The bar is tucked between decaying mid-century apartment buildings and hidden beneath the shade of a Highway 24 overpass. This unassuming, single-story, mission-style structure stands proudly bearing the infamous Eli’s Mile High Club name. Just inside the deep red exterior, a deeper history resides inside the walls. Eli’s stands as a resilient force against gentrification, right in the heart of Oakland’s eerily desolate “ghost town” neighborhood beside the MacArthur BART station.

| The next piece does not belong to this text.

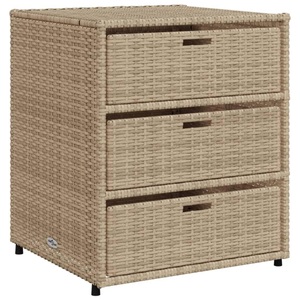 vidaXL, vidaXL Gartenschrank Beige 55x59x69 cm Poly Rattan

After surviving a near permanent closure in May, preceded by more than twenty-five years of hot-potato style changes in ownership, Shafrir and his business partner, music enthusiast Jason Herbers, now trade off running the day-to-day operations, determined to keep the club alive and thriving.

But their chance at Eli’s almost didn’t happen. After they were initially outbid on the club early this summer, Shafrir says he put the idea of buying a place on the back burner. That was until the bank unexpectedly called at the last minute with news that the previous buyers got cold feet and the place was up for bid again, asking Shafrir and Herbers if they still wanted it.

So on August 1, 2008, with the ink still wet on the lease forms, the guys wasted no time in reopening the club. “It was a functioning bar already,” says Shafrir. “Why keep it shut?”

With a big investment on their hands, they couldn’t afford to remodel without any revenue, so each Monday through Thursday before they open the doors at 5 p.m., they repaint, install, fix and rearrange the contents of Eli’s to make it their own. The changes come at a slow but steady pace. Since the buyout was a whirlwind, they’re now taking baby steps and learning as they go.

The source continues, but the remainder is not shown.